— About this exercise —
Your task is to return the listing below word for word, without any of its images.
━━ Available records ━━
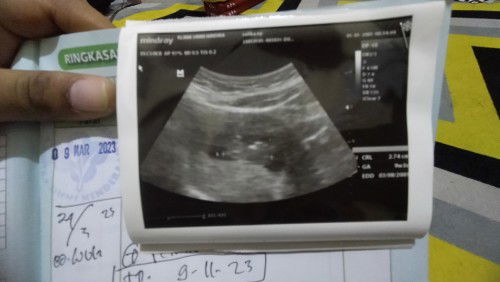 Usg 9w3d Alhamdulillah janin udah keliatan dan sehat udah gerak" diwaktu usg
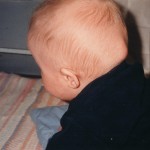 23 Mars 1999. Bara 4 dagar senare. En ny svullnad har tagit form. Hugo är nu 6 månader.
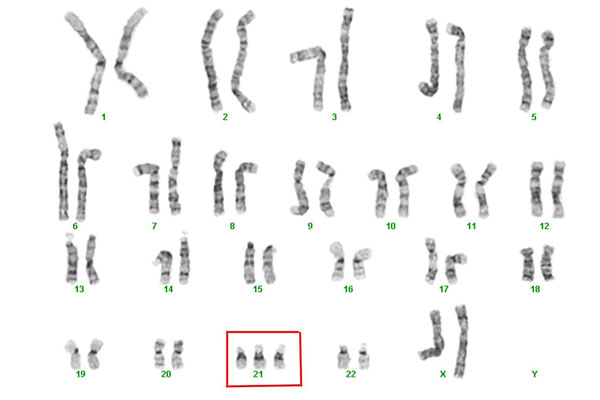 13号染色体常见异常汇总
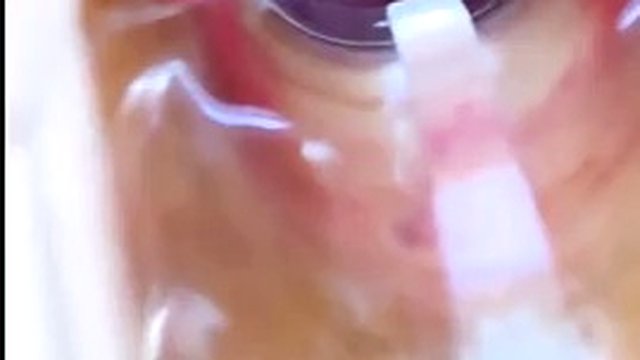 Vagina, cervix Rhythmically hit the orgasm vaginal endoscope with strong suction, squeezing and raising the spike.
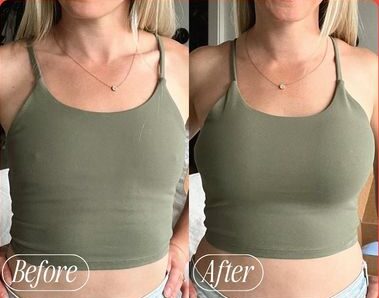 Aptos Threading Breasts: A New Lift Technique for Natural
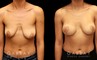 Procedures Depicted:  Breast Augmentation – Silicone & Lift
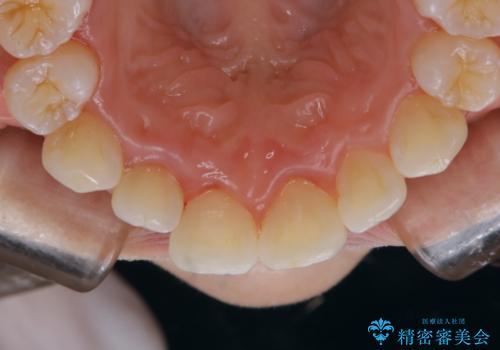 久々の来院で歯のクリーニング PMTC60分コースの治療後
━━━
— Solution for this problem —
 Usg 9w3d Alhamdulillah janin udah keliatan dan sehat udah gerak" diwaktu usg
 23 Mars 1999. Bara 4 dagar senare. En ny svullnad har tagit form. Hugo är nu 6 månader.
 13号染色体常见异常汇总
 Vagina, cervix Rhythmically hit the orgasm vaginal endoscope with strong suction, squeezing and raising the spike.
 Aptos Threading Breasts: A New Lift Technique for Natural
 Procedures Depicted:  Breast Augmentation – Silicone & Lift
 久々の来院で歯のクリーニング PMTC60分コースの治療後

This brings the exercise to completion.